A person who reaches age 65 today can expect to live at least another 17 years. But that quantity of life may be at the expense of its quality. Many older people question the wisdom of life extended by invasive technology; robbed of independence and dependent on others for basic functions like bathing, eating, using the toilet or transferring from a bed to a chair and back.
Because of this, more and more people are asking how they can increase their chances of enjoying the additional years by staying healthy and aging gracefully.

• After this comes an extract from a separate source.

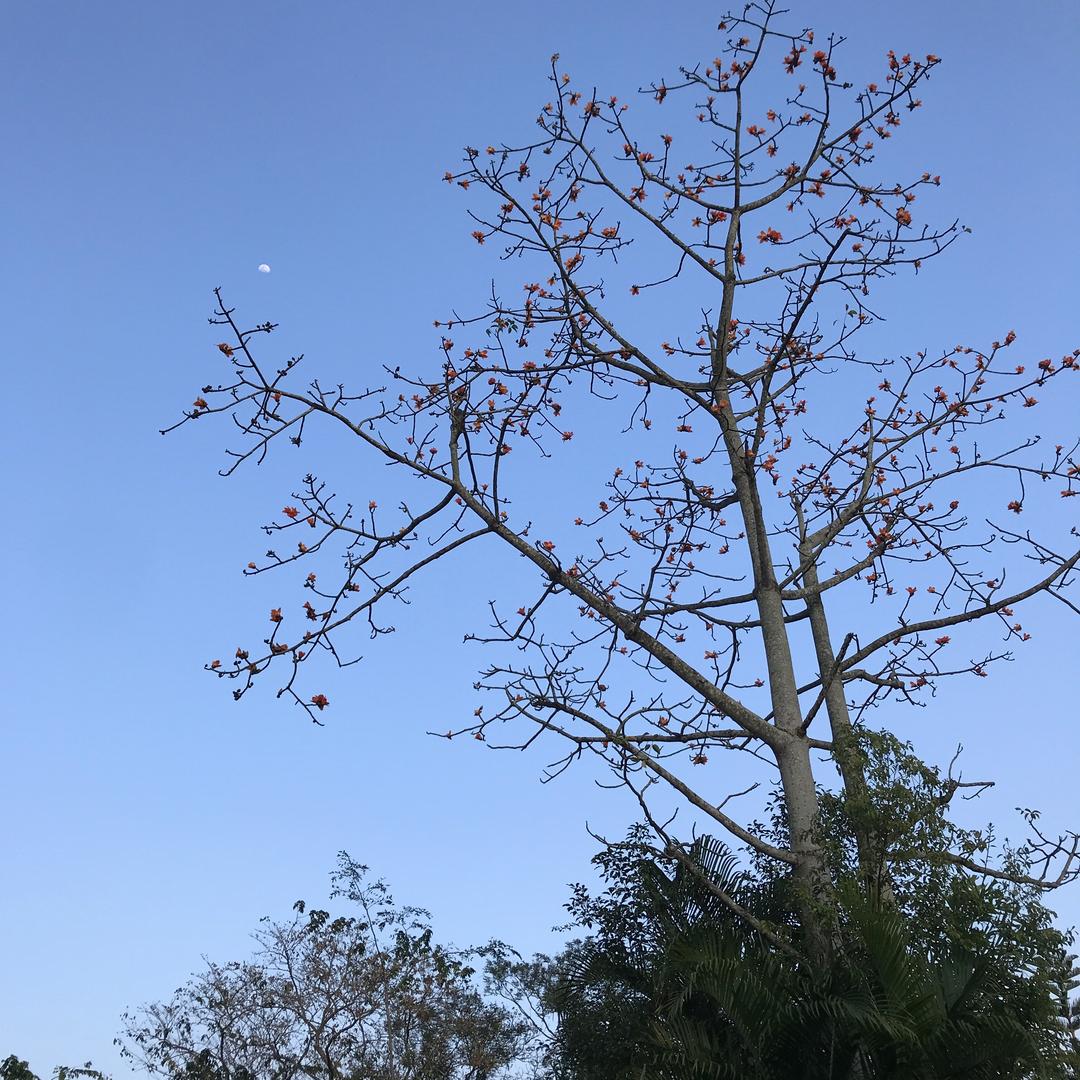 晴空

A landmark study examined the factors that could predict healthy aging; almost 7,000 people in Alameda County, Calif. participated over a 20-year period from 1965-1984. The study, conducted by Dr. Jack M. Guralnik, M.D., of the U.S. National Institute on Aging and George A. Kaplan of the California Department of Health Services, was published in the American Journal of Public Health in June 1989.
The paper focused on people who were 65 to 89 years old in 1984. The study found that, of the original group, 41 percent had died before 1984 and 12.7 percent were in a "high-function" group. "High-function" was defined as being able to handle the basics of daily living plus such physical activities as:
-- climbing stairs or walking one-half mile
-- gardening
-- shopping
-- walking, swimming or other sports exercise and
-- vigorous exercise (jogging, bicycling, tennis, dancing).
The factors which predict successful aging offer both optimism (because of those which can be influenced by an individual) and pessimism (because of societal and financial pressures not so easily addressed by individuals).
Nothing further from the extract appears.